For efficiency, you can download multiple segmentation files at once.

In [None]:
# Create a directory to save segmentations
output_dir = "./downloaded_segmentations"
os.makedirs(output_dir, exist_ok=True)

# Download multiple segmentation files
if len(segmentation_annotations) > 1:
    # Prepare save paths
    save_paths = [
        os.path.join(output_dir, f"{ann.identifier}_{ann.id}.png")
        for ann in segmentation_annotations
    ]
    
    # Bulk download (faster than downloading one by one)
    results = api.annotations.download_multiple_files(
        segmentation_annotations,
        save_paths
    )
    
    # Check results
    successful = [r for r in results if r['success']]
    failed = [r for r in results if not r['success']]
    
    print(f"Downloaded {len(successful)} segmentation files successfully")
    if failed:
        print(f"Failed to download {len(failed)} files:")
        for f in failed:
            print(f"  - {f['annotation_id']}: {f.get('error', 'Unknown error')}")
else:
    print("Not enough segmentations for bulk download demo")

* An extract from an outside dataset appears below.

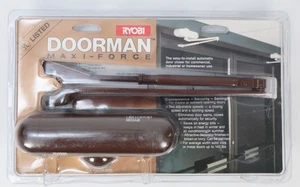 Cierre de puerta Ryobi Doorman Maxi-Force marrón hasta 140 lb 38' de ancho DM103UL - Imagen 1 de 2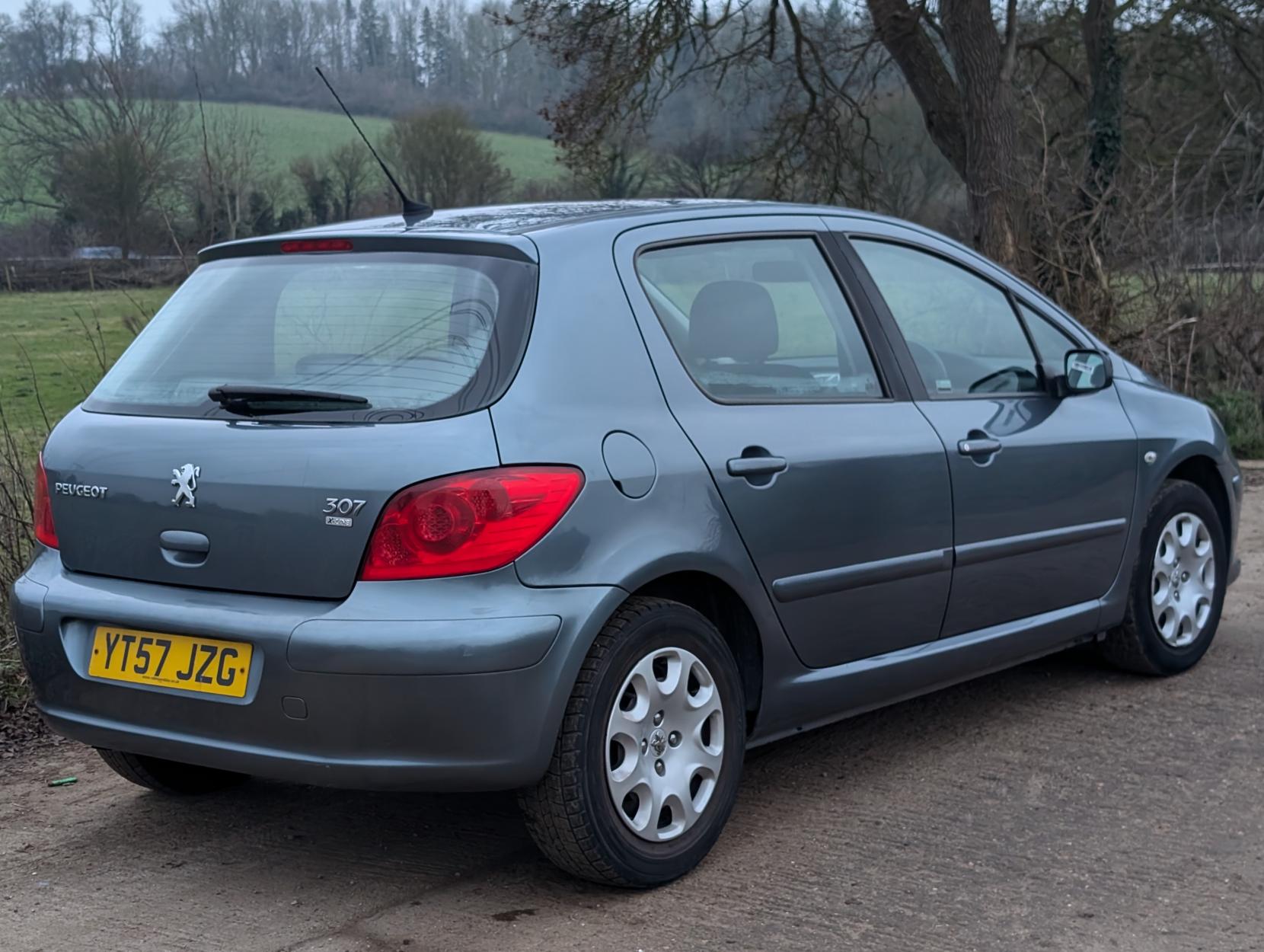 Peugeot 307 1.4 16v X-Line Hatchback 5dr Petrol Manual (155 g/km, 90 bhp)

## 8. Filtering Annotations

You can filter annotations by various criteria.

In [None]:
from datetime import date, timedelta

# Filter by annotation type
category_annotations = api.annotations.get_list(
    resource=selected_resource,
    annotation_type='category'
)
print(f"Category annotations: {len(category_annotations)}")

# Filter by date range
date_to = date.today()
date_from = date_to - timedelta(days=30)  # Last 30 days

recent_annotations = api.annotations.get_list(
    resource=selected_resource,
    date_from=date_from,
    date_to=date_to
)
print(f"Annotations from last 30 days: {len(recent_annotations)}")

# Filter by status
published_annotations = api.annotations.get_list(
    resource=selected_resource,
    status='published'
)
print(f"Published annotations: {len(published_annotations)}")

## Summary

In this tutorial, you learned how to:

1. ✓ Connect to the Datamint API
2. ✓ List and select projects
3. ✓ Fetch resources from a project using `get_project_resources()`
4. ✓ Download and display resource images using `download_resource_file()`
5. ✓ Fetch annotations for resources (single or multiple)
6. ✓ Download segmentation files using `download_file()` or `download_multiple_files()`
7. ✓ Filter annotations by type, date, and status

All operations were read-only, demonstrating how to explore your data without making any modifications.